§ Task prompt: Would you return the lines between the one holding "Tabla de Dibujo" and the one holding "Wheelchair on Wooden", inclusive, and only those, exactly as they stand in the listing below?

§ Record extracts:

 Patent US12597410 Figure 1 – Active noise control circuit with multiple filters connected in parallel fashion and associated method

==

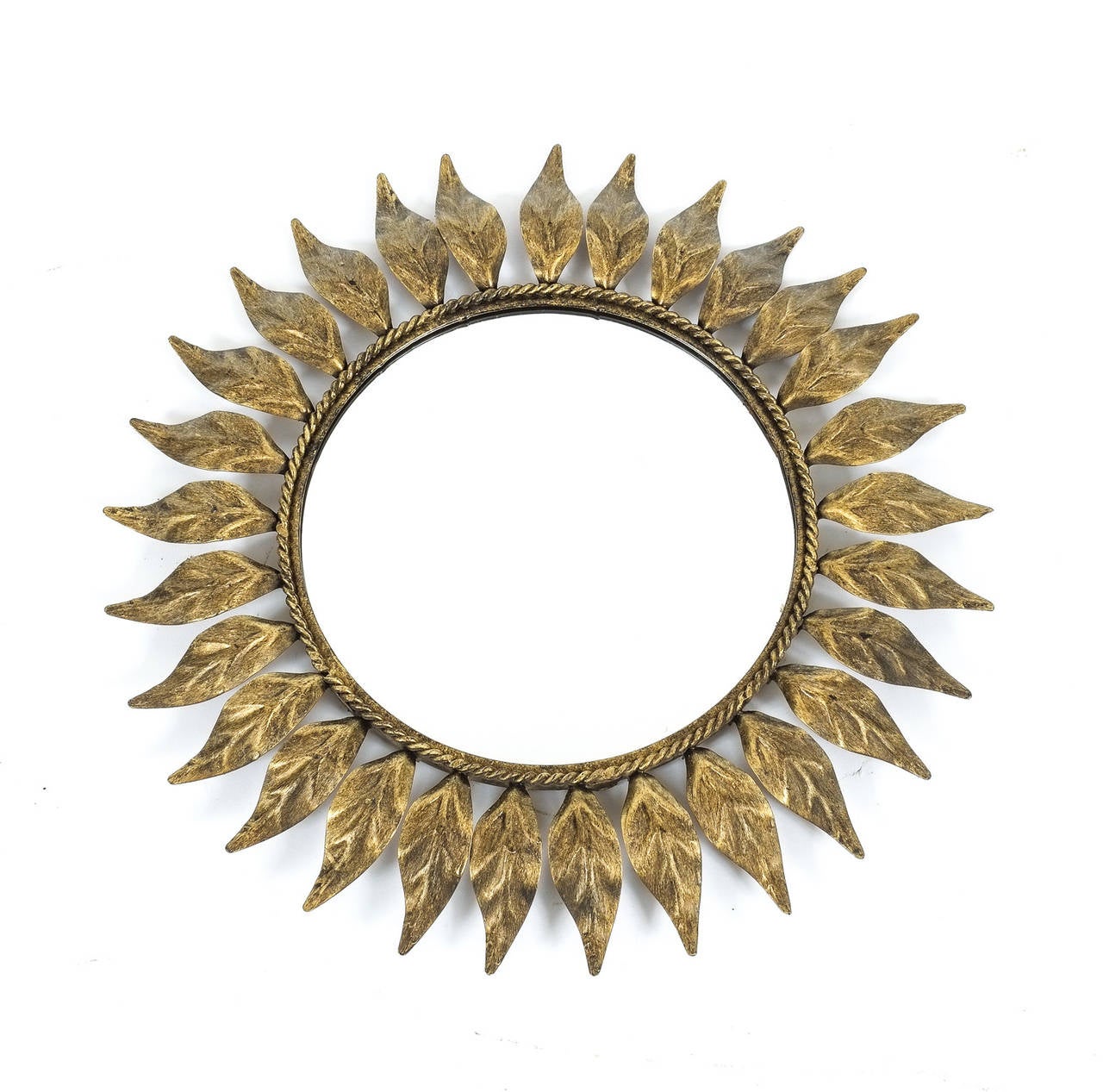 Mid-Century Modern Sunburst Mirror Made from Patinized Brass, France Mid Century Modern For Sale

--

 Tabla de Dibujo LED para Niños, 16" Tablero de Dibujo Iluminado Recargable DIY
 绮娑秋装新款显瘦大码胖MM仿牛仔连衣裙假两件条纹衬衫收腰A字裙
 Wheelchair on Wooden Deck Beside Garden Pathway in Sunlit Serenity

§ Task solution:
 Tabla de Dibujo LED para Niños, 16" Tablero de Dibujo Iluminado Recargable DIY
 绮娑秋装新款显瘦大码胖MM仿牛仔连衣裙假两件条纹衬衫收腰A字裙
 Wheelchair on Wooden Deck Beside Garden Pathway in Sunlit Serenity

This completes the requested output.